If the modern exterior with a mix of limestone, brick, concrete, and glass looks like it should be a for-sale building, there’s good reason. The property, 119th and Third, was designed for upscale buyers but was switched to rentals this past May due to the tough economy.
In 2006, Forest Hills, N.Y.-based Third Avenue Associates, with Forest Hills, N.Y.-based Muss Development Co. as the development partner, hired New York-based Barry Rice Architect to design a 12-story structure in the East Harlem neighborhood, also known as Spanish Harlem, close to the northern part of Central Park. “The neighborhood was evolving,” says principal Barry Rice. “This was planned as one of seven to eight new buildings, the first wave of new development.”

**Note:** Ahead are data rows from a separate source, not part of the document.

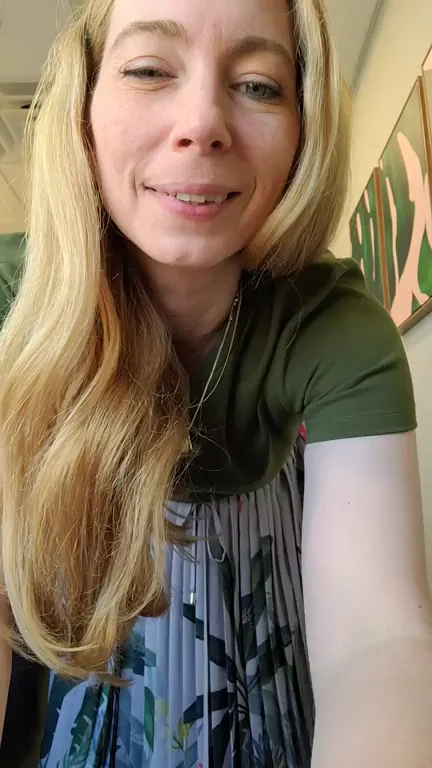 Grey and Green Tropical Theme... (F)47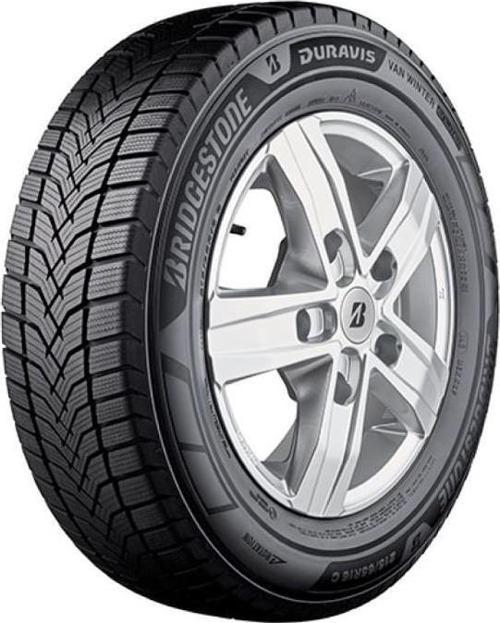 235/65 C16 DURAVIS VAN WINTER 115/113R   ENLITEN-EV Kış Lastiği 2025 Üretim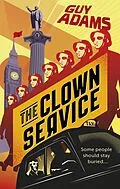 E-Book (epub) Clown Service von Guy Adams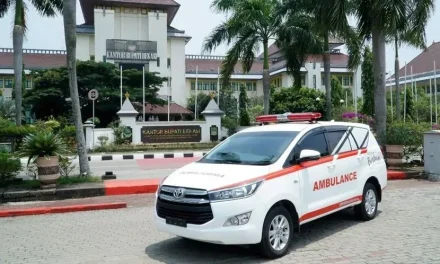 Kendaraan Khusus Ambulance Dengan Fungsi Begitu Banyak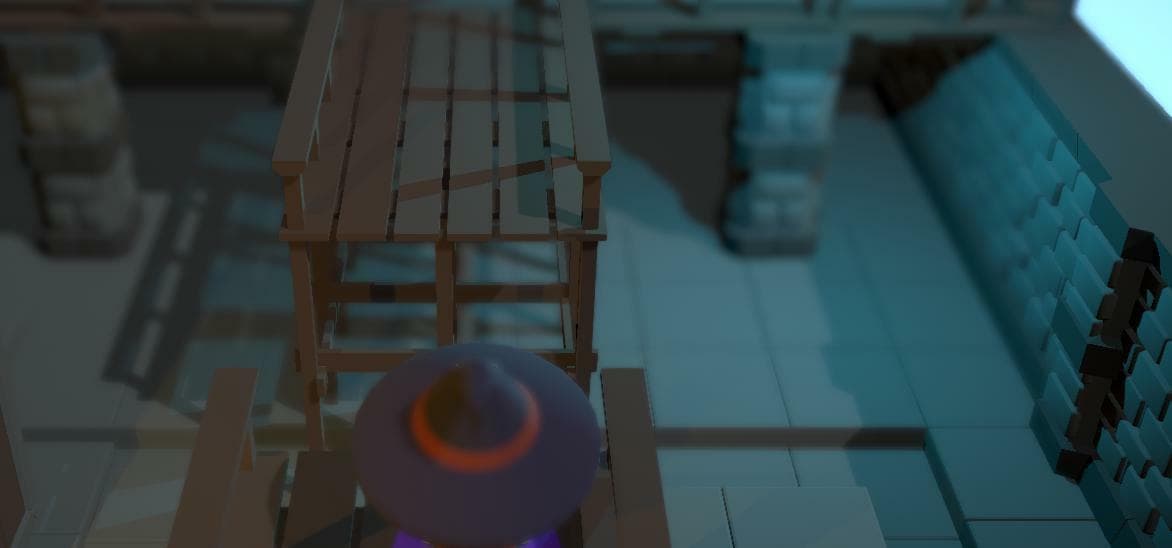 Loop Dungeon (James Macgill) screenshot 2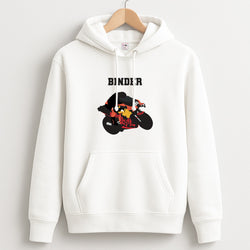 Binder - Motorbike Hoodie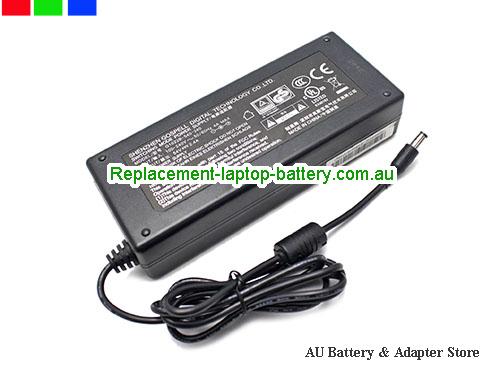  image 2 of  Original Genuine Gospell G1022B-540-240 Switching Power Supply 54v 2.4A 130W ac adapter 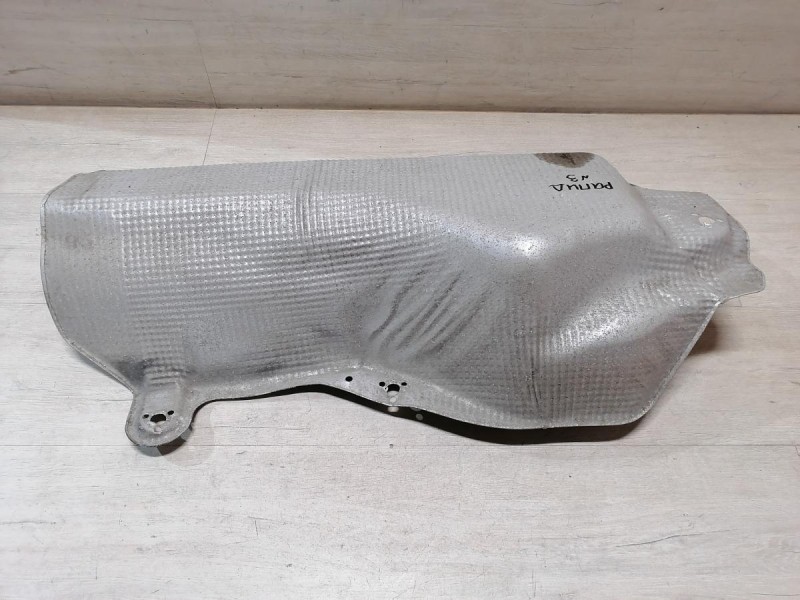 Rapid 2 тепловой экран глушителя 6ru825701e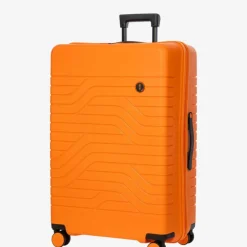 Bric's Ulisse Trolley Expandable Large orange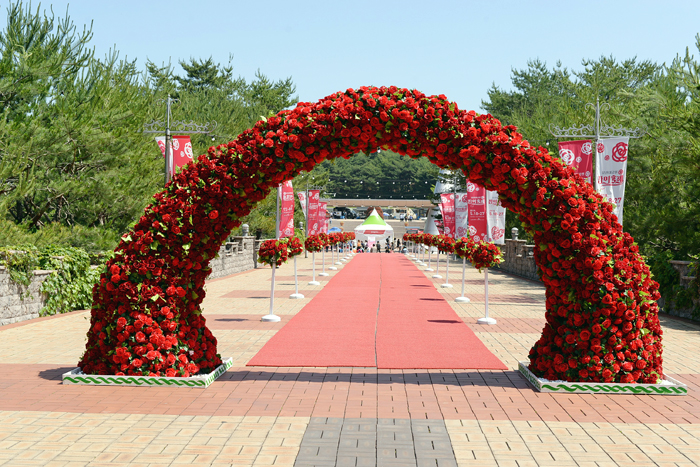 제12회 장미축제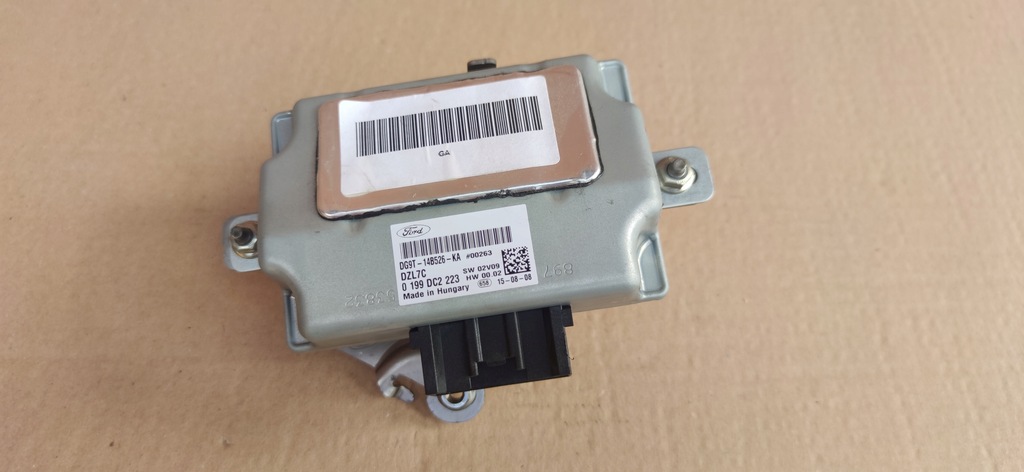 фото №1, Ford mondeo mk5 модуль запуск стоп dg9t-14b526-ka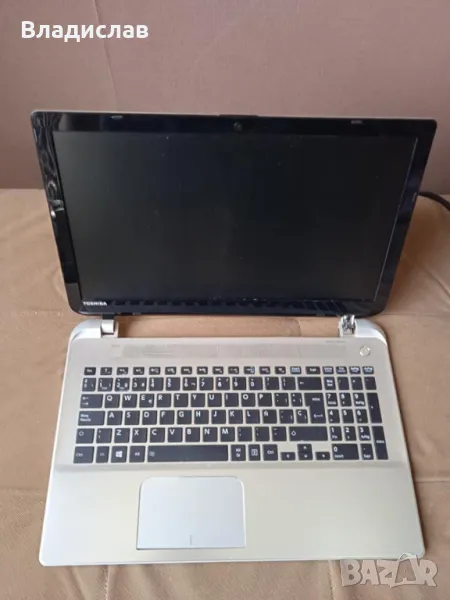 Toshiba Satellite S50-B на части, снимка 1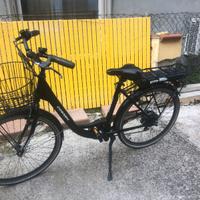 Bicicletta elettrica Cobran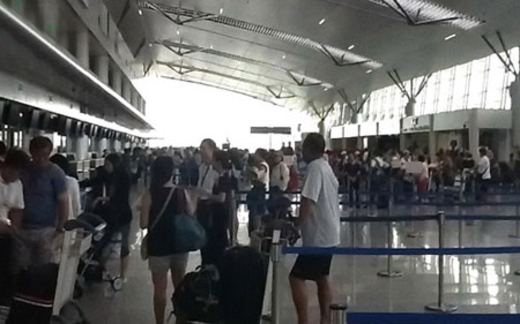 Tại ông trời không biết kêu oan?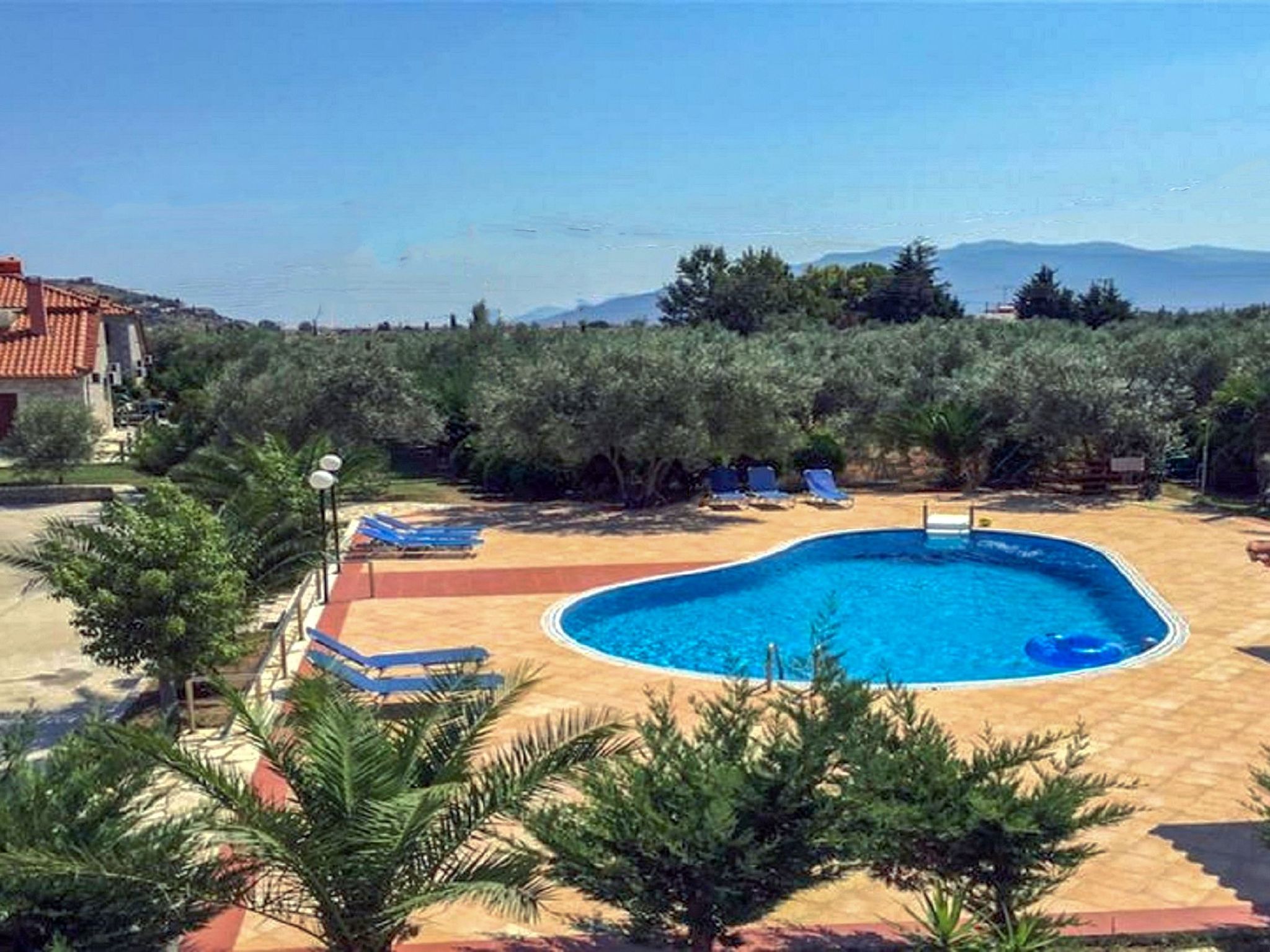 Glyfada Villen II-Binnen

Rice’s goal was to find an architectural vocabulary that fit the low-rise scale of its mixed-use neighborhood, yet would take a step forward and appeal to buyers. He designed the stepped-back look in different materials for an intimate scale. Light-colored brick pays homage to a neighborhood material, while generous glazing brings light and views into the interior.
Ground was broken February 2008. The 90 units were marketed three months later, with one-bedrooms priced between $385,000 and $575,000. A year later, the economic downturn convinced the developer to switch to leases.
Renters are the beneficiaries of a 24-hour concierge and refrigerated storage locker in the slate-paved lobby; a third-floor windowed gym; indoor parking; and an 1,800-square-foot rooftop terrace with private cabanas. Apartment units reflect Rice’s same attention to detail with 8-foot windows; 9-foot ceilings with coffer styling; granite countertops in the loft-style kitchens; marbled bathrooms; and oak flooring.
Rent-stabilized prices are another draw. The smallest unit, a 555-square-foot studio, leases for $1,650 on a 26-month lease, and the largest—a 1,595-square-foot, three-bedroom with a terrace—goes for $4,750. Roughly 35 percent of the units are leased.